Dot.: matka manipulantka hipokrytka
Słuchaj, mówiłaś, że może dostaniesz pracę. Więc jak już będziesz pracowała, to odłóż sobie nawięcej jak będziesz mogła... Może wtedy wystarczy Ci na jakieś korki, a jeśli nie, to zawsze możesz powtarzać materiał z koleżankami, napewno znajdzie się taka która będzie mogła Ci pomóc, a Ty jej...
Powiem Ci tak... Mnie matka zawsze wmawiała, że jest moją matką, bo mnie wychowała, co nie jest prawdą, bo wychowała mnie babcia... Matka co jakiś czas przyjeżdza z zagranicy. Kiedyś stwierdziła, że ona nie musi na mnie łożyć pięniedzy... No cóż, jednym z jej obowiązków jako matki (i to dobrej matki, za jaką się uważa), jest łożenie pieniędzy na dziecko, aby zapewnić mu to, czego potrzebuje. Nie mówię to o jakichś zachciankach, ale o potrzebnych rzeczach, takich jak korepetycje np. Tak więc myślę,że nie powinnaś mieć objekcji w tej materii, i brać od niej pieniądze, na jedzenie, na korepetycje...

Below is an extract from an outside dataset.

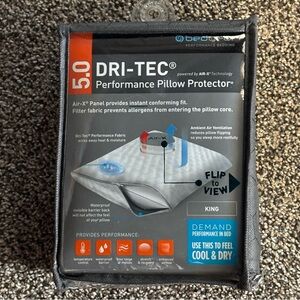 NEW King Pillow Size Performance Protector COVER DRI-TEC 5.0 Measuring 20” X 36”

Logicznie myśląc, skoro ona Cię tak kontroluje, ponieważ nadal mieszkasz pod jej dachem, to powinna wiedzieć, że z tego samego powodu ma obowiązek zapewnić Ci najpotrzebiejsze rzeczy, i wspierać w edukacji. Jak tak dalej pójdzie, to każe Ci płacić czynsz za wynajem pokoju.
Twoje mama jest mniej odpowiedzialna od Ciebie.